Dataset extract START

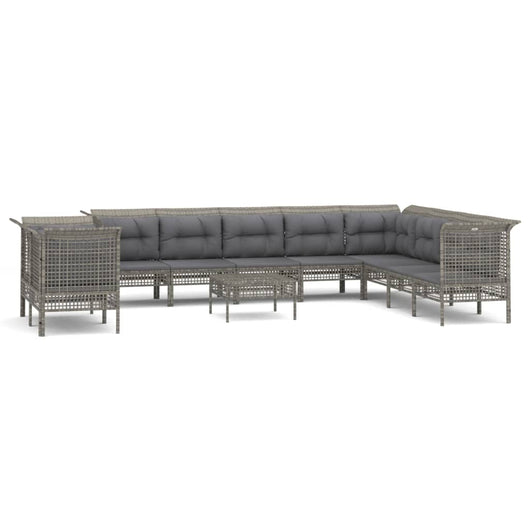 Set Divani da Giardino 11 pz con Cuscini in Polyrattan Grigio 3187536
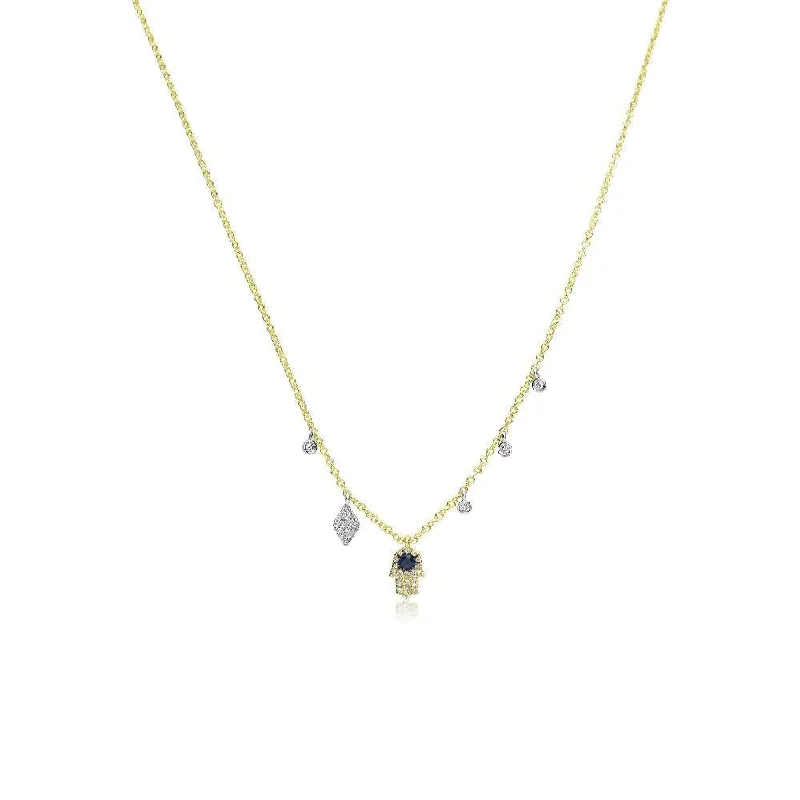 Women’s pendant necklaces-Meira T Dainty Hamsa Charm Necklace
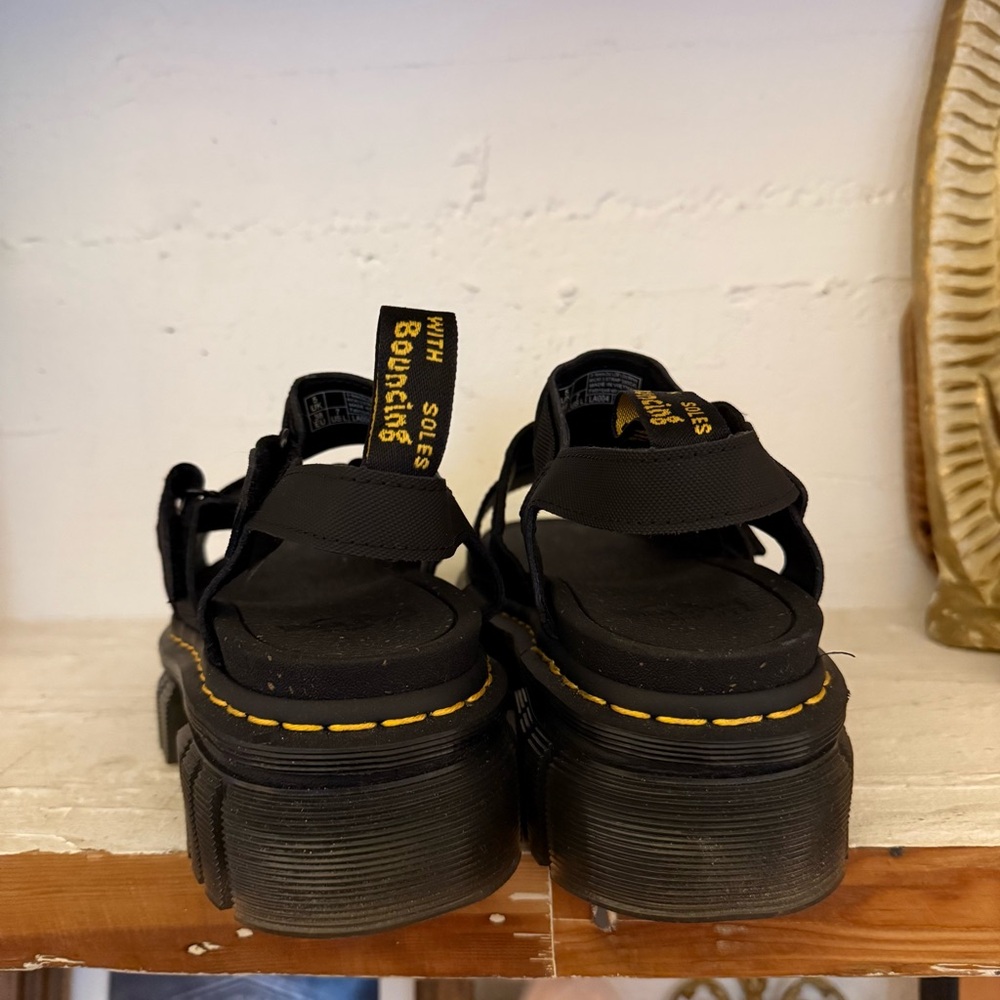 Dr. Martens Black Platform Sandals with Yellow Stitching - Picture 3 of 6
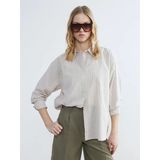 Lcw Vision Bej Çizgili Oversize Poplin Kadın Gömlek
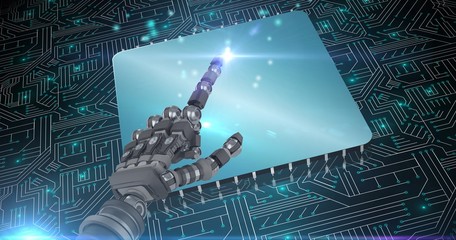 Composite image of back robot arm pointing at something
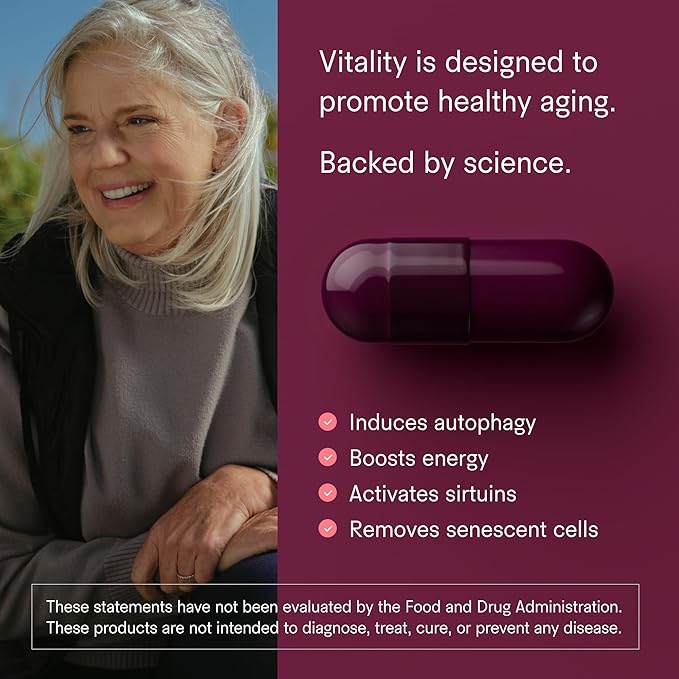 Tally Health Vitality Longevity Formula – Spermidine + Fisetin + Quercetin + Resveratrol + Calcium Alpha-Ketoglutarate | Supports Cellular Renewal Healthy Aging Energy &amp Autophagy | 120 Capsules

Dataset extract END

Whenever a picture appears, leave it out, and return every record exactly.

-- Solved exercise --
 Set Divani da Giardino 11 pz con Cuscini in Polyrattan Grigio 3187536
 Women’s pendant necklaces-Meira T Dainty Hamsa Charm Necklace
 Dr. Martens Black Platform Sandals with Yellow Stitching - Picture 3 of 6
 Lcw Vision Bej Çizgili Oversize Poplin Kadın Gömlek
 Composite image of back robot arm pointing at something
 Tally Health Vitality Longevity Formula – Spermidine + Fisetin + Quercetin + Resveratrol + Calcium Alpha-Ketoglutarate | Supports Cellular Renewal Healthy Aging Energy &amp Autophagy | 120 Capsules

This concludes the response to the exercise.